Variables and Exploration Plan
Dependent Variable: Neuroticism score (PSYCH_big_five_inventory_neurotic_score). This is a continuous variable measuring emotional instability and anxiety levels, relevant for studying the relationship with social engagement.

Independent Variable: Frequency of greeting strangers (CONNECTION_activities_greeted_stranger_p3m). This is assumed to be ordinal, capturing how often an individual greets strangers.

Visualization:
    Box Plots or Violin Plots will compare neuroticism scores across different levels of greeting frequency, showing the spread, median, and any potential outliers within each greeting frequency level.

Summary Statistics: Mean and median neuroticism scores within each greeting frequency group will help quantify differences and inform potential trends.
Spearman Correlation: If a linear relationship isn’t expected, Spearman’s rank correlation can quantify the association between neuroticism and greeting frequency without assuming linearity.

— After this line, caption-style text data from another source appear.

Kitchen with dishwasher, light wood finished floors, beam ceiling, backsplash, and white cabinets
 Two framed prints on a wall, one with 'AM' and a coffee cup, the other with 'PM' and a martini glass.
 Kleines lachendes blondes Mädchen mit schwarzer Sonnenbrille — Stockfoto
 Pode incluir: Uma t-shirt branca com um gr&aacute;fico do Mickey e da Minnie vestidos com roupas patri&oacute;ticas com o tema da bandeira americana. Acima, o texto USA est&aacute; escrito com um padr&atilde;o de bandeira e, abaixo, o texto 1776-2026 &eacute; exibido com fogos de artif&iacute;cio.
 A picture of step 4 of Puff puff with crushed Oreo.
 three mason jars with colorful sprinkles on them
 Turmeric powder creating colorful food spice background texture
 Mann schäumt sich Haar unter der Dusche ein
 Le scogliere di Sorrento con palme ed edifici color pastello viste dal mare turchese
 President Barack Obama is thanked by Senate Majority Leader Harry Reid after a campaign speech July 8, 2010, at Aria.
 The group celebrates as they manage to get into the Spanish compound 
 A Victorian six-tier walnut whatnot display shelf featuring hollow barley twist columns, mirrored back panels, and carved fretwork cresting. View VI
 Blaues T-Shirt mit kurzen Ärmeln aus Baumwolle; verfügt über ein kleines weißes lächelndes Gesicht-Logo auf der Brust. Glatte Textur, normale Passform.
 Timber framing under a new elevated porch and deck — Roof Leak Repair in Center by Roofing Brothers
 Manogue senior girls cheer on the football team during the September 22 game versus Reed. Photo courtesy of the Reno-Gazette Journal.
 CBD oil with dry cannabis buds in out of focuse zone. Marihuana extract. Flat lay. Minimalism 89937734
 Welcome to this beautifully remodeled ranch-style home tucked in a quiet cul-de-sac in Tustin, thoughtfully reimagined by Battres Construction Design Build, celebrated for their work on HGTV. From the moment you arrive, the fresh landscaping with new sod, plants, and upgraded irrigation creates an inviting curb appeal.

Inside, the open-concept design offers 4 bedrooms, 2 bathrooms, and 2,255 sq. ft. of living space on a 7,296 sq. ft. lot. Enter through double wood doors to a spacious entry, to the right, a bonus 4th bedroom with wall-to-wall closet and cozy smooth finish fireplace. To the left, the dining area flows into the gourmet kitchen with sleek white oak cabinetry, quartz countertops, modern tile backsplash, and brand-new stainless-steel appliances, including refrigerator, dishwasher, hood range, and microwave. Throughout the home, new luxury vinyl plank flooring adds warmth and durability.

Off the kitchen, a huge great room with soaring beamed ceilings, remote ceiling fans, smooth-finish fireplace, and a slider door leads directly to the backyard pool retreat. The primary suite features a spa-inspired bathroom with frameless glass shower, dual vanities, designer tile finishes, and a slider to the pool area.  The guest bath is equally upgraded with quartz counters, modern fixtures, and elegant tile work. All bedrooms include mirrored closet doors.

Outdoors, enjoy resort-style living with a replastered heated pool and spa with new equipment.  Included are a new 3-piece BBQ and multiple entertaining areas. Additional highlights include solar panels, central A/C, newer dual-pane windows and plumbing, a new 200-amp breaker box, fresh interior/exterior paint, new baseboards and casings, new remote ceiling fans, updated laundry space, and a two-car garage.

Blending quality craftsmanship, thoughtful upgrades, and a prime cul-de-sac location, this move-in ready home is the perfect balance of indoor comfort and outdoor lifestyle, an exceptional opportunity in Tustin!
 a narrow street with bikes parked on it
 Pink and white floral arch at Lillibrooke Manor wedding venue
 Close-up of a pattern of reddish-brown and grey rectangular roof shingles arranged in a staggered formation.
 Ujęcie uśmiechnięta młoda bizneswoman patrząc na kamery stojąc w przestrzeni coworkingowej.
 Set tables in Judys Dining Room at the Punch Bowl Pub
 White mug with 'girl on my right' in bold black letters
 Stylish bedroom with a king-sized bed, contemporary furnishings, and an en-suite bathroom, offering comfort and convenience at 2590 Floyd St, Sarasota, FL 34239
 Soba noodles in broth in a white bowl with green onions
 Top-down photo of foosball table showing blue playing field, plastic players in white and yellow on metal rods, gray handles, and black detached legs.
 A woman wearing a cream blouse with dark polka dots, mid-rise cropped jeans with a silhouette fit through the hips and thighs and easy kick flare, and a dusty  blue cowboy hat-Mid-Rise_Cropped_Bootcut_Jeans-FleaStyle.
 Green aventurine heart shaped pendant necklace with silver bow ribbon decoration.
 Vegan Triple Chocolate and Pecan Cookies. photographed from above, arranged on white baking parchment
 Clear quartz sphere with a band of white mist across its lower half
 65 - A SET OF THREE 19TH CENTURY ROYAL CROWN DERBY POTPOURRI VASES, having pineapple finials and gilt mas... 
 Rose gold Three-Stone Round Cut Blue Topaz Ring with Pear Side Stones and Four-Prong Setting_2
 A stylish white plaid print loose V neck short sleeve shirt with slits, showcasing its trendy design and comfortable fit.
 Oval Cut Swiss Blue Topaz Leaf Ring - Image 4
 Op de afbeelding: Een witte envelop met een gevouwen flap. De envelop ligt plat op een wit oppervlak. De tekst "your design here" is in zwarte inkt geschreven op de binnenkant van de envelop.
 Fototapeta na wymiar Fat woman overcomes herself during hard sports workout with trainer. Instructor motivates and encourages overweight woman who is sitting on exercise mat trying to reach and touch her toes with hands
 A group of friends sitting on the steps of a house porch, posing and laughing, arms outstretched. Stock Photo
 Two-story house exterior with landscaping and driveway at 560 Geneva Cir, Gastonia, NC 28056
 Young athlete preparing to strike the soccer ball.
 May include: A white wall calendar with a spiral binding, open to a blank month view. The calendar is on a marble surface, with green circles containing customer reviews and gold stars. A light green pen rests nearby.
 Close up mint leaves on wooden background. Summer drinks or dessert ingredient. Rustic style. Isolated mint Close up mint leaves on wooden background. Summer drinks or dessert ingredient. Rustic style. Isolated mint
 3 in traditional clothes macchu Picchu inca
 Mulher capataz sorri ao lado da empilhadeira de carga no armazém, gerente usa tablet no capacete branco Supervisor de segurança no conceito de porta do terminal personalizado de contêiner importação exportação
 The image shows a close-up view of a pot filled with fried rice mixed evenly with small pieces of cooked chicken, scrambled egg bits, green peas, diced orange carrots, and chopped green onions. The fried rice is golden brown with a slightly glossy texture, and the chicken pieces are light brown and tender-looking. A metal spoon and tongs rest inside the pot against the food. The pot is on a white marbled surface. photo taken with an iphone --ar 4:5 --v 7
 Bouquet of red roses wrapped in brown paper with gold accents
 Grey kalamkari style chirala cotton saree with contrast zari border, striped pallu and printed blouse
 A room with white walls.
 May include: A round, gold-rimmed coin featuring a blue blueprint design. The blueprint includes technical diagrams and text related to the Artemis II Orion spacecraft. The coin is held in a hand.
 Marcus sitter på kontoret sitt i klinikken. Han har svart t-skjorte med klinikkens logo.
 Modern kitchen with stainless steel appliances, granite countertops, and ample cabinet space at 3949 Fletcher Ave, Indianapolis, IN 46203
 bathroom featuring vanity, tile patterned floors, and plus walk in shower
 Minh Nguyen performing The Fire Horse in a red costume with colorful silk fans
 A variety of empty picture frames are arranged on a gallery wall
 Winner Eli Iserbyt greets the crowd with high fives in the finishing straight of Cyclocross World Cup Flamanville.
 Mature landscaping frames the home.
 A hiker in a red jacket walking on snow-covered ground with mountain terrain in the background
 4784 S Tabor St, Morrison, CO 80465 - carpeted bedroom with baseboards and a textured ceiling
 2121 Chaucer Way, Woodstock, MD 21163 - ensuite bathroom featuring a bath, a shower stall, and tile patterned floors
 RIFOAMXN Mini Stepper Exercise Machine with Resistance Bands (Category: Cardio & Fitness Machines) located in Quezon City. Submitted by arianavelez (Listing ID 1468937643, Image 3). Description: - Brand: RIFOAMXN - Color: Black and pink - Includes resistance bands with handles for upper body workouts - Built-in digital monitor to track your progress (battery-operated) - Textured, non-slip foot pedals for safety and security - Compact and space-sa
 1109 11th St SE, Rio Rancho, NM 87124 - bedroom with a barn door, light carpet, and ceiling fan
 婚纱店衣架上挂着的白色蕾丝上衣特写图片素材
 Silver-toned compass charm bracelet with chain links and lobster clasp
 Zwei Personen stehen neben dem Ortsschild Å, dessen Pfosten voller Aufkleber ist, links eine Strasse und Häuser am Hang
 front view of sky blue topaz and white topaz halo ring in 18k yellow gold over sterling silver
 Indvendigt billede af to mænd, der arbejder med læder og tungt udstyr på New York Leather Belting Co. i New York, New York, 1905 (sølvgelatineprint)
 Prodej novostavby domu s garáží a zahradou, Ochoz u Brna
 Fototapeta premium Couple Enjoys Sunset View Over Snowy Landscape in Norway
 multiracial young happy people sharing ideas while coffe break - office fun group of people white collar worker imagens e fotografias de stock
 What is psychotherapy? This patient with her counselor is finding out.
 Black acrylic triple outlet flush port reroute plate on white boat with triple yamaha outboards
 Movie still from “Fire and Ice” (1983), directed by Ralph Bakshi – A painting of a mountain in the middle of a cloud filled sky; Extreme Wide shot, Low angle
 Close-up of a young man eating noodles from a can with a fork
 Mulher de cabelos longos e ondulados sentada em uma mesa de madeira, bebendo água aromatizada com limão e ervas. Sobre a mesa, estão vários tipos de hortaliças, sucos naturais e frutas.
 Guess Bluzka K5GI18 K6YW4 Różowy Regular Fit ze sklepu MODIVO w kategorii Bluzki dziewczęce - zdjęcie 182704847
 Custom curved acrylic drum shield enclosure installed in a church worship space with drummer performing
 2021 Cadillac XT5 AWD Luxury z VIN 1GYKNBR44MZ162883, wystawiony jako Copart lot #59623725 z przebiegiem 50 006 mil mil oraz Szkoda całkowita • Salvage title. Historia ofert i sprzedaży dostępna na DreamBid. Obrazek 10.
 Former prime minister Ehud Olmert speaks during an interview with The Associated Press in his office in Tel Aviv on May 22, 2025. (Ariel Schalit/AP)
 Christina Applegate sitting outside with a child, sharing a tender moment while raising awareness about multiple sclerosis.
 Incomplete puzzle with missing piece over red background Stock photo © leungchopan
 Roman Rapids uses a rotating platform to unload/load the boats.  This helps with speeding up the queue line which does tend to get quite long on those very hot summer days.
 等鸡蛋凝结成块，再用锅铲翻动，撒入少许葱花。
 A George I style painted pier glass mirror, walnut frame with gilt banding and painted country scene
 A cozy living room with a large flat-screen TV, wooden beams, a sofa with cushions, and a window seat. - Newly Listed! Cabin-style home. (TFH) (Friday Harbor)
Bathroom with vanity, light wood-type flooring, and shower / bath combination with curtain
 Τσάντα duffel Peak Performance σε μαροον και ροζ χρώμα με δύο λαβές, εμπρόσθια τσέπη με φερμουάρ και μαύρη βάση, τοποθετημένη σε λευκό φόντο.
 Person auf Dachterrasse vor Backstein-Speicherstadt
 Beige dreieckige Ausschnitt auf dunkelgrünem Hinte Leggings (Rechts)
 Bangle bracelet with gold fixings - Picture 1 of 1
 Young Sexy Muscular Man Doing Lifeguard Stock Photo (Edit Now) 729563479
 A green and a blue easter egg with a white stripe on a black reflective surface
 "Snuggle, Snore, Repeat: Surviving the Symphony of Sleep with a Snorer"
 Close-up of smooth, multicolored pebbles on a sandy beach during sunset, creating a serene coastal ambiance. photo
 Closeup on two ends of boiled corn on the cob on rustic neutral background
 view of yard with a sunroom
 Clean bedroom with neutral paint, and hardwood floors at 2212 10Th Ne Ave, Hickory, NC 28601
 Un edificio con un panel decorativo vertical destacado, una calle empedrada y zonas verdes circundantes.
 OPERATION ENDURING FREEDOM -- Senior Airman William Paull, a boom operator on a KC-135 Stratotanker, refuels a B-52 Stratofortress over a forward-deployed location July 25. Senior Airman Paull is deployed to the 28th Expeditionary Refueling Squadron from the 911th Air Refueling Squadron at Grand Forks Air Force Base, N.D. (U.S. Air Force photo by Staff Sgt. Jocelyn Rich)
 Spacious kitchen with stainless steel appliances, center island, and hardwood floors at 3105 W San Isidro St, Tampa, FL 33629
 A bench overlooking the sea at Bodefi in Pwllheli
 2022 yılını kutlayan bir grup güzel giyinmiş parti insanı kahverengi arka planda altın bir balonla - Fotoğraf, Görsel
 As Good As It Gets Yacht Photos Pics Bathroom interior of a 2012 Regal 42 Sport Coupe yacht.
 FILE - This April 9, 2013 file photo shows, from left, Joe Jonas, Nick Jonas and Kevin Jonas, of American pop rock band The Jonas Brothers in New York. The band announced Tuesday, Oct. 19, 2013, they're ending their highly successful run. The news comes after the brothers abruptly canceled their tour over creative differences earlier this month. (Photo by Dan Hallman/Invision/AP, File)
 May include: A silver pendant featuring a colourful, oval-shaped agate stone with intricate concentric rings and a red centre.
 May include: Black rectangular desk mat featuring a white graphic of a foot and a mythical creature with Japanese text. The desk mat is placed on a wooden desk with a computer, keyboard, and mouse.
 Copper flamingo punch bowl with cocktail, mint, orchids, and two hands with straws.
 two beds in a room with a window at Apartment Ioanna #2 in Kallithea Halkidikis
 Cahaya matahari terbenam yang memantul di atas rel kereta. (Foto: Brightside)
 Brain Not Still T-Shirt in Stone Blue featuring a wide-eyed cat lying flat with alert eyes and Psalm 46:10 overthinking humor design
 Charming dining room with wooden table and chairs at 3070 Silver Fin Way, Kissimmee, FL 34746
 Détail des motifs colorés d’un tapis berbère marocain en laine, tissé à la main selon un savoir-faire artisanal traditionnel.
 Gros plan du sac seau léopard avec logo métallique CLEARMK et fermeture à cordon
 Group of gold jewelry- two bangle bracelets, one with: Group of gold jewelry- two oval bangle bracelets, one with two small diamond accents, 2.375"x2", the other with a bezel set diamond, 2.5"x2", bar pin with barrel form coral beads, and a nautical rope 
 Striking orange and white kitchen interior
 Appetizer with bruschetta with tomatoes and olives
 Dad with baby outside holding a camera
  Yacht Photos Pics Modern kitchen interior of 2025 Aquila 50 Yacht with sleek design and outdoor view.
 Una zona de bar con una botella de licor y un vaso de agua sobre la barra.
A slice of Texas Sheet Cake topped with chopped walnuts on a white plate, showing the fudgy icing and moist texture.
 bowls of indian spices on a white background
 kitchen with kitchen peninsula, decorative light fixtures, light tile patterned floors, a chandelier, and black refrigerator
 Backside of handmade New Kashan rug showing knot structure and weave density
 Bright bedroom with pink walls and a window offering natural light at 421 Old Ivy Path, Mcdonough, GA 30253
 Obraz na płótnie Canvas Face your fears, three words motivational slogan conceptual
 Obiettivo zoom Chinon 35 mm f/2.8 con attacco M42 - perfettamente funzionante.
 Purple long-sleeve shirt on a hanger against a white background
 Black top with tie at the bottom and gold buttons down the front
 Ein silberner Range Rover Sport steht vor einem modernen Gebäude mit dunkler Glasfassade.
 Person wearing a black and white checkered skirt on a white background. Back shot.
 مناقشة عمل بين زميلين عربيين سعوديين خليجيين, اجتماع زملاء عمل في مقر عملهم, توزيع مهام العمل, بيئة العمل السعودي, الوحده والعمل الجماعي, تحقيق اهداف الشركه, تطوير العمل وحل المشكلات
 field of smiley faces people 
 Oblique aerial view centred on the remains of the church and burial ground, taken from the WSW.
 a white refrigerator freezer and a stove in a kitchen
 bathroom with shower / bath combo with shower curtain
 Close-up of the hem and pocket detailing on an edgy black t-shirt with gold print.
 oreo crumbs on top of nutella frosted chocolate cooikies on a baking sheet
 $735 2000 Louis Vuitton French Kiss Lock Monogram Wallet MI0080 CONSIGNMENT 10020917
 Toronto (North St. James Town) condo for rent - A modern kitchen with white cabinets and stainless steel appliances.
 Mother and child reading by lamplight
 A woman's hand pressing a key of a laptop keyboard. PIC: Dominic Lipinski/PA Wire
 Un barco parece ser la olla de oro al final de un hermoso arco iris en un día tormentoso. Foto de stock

Analysis Plan and Assumptions

    Analysis Method:
    Given the ordinal nature of the greeting frequency and continuous neuroticism, a Spearman correlation would quantify the association without assuming linearity or normality. Alternatively, an ordinal logistic regression could assess if greeting frequency levels predict neuroticism scores, accounting for ordinal levels.

    Assumptions:
    Ordinal Validity: Assumes the greeting frequency levels are meaningfully ordered.
    No Strong Outliers: Outliers in neuroticism scores might unduly influence correlation calculations, so we’ll check for and possibly address extreme values.
    If assumptions are violated (such as if neuroticism scores are heavily skewed), we may apply rank transformations to better meet the assumptions of non-parametric tests.

Hypothesis:

We expect that individuals who frequently greet strangers will have lower neuroticism scores, indicating better emotional stability. Casual social interactions may have a buffering effect on stress and anxiety, contributing to psychological well-being.

Relevance: If a significant negative correlation is found, it would suggest that simple social interactions, like greeting strangers, could play a role in enhancing emotional health. This could have practical implications for promoting well-being through increased social engagement.